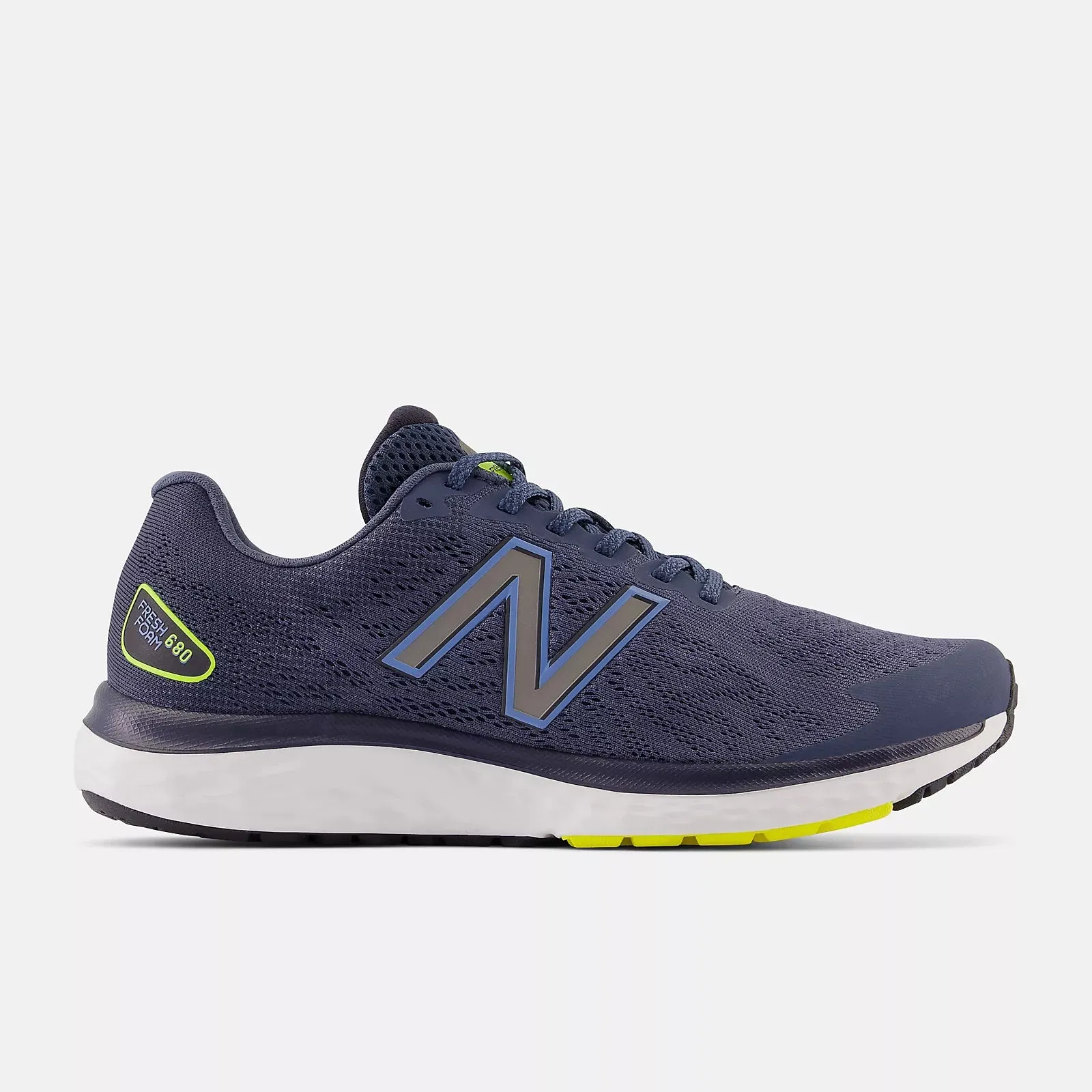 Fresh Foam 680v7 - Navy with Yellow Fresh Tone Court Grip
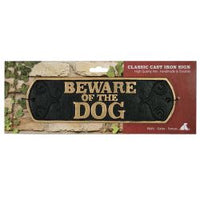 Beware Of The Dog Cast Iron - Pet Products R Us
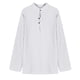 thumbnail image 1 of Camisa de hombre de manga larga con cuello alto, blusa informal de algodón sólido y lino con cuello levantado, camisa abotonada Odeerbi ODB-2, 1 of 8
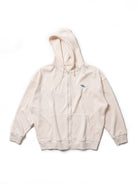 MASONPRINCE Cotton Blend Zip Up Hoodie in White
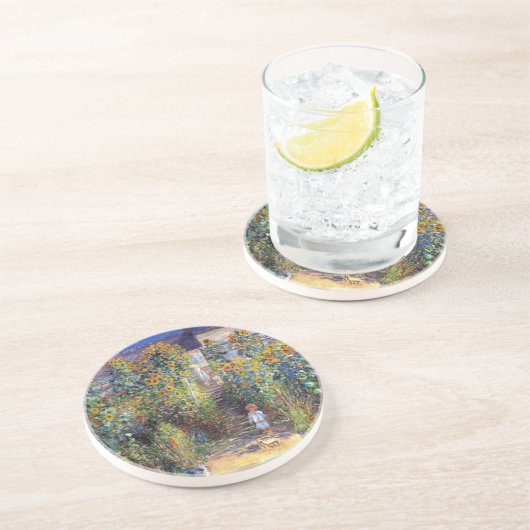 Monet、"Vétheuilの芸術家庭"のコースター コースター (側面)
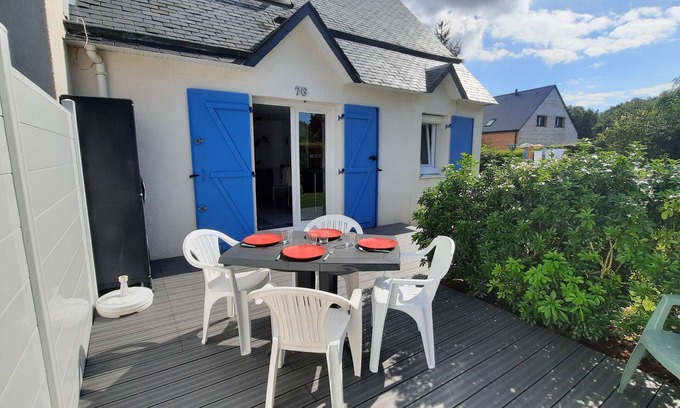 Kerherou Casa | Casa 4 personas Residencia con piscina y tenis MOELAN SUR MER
★ ★ ★ ★ ★
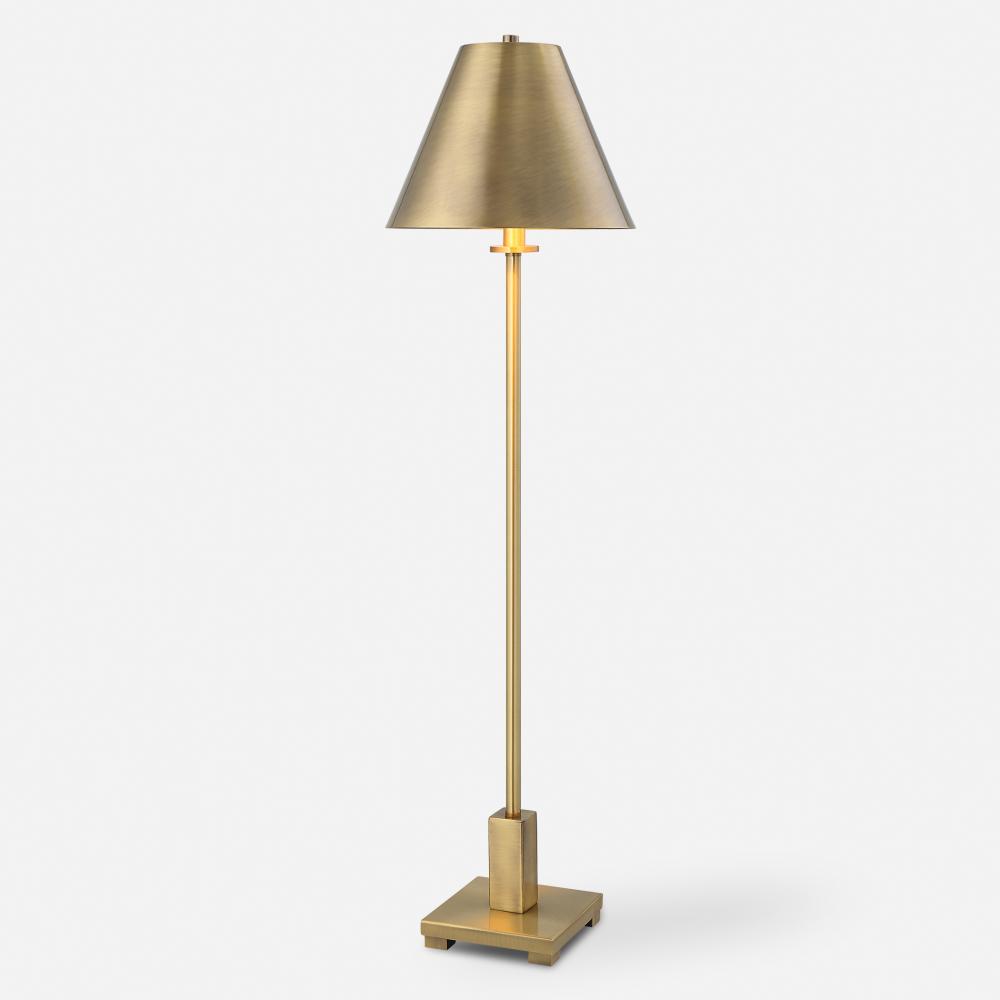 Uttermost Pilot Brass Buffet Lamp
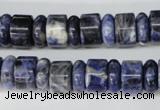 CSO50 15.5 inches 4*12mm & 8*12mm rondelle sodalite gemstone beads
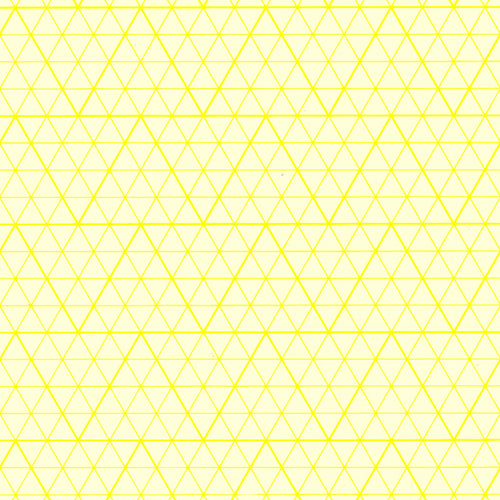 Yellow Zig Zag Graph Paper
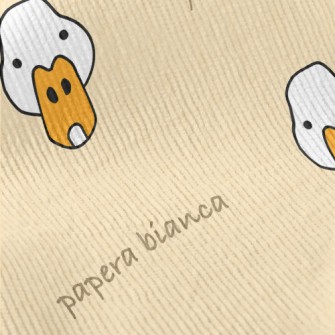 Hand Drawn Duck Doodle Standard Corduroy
★ ★ ★ ★ ★
What is needed: Print exactly the lines above that run from the one with "Fresh Foam 680v7" down to the one with "Kerherou Casa |", and omit the pictures.

Solution below:
 Fresh Foam 680v7 - Navy with Yellow Fresh Tone Court Grip
 Beware Of The Dog Cast Iron - Pet Products R Us
 thumbnail image 1 of Camisa de hombre de manga larga con cuello alto, blusa informal de algodón sólido y lino con cuello levantado, camisa abotonada Odeerbi ODB-2, 1 of 8
 MASONPRINCE Cotton Blend Zip Up Hoodie in White
 Monet、"Vétheuilの芸術家庭"のコースター コースター (側面)
 Kerherou Casa | Casa 4 personas Residencia con piscina y tenis MOELAN SUR MER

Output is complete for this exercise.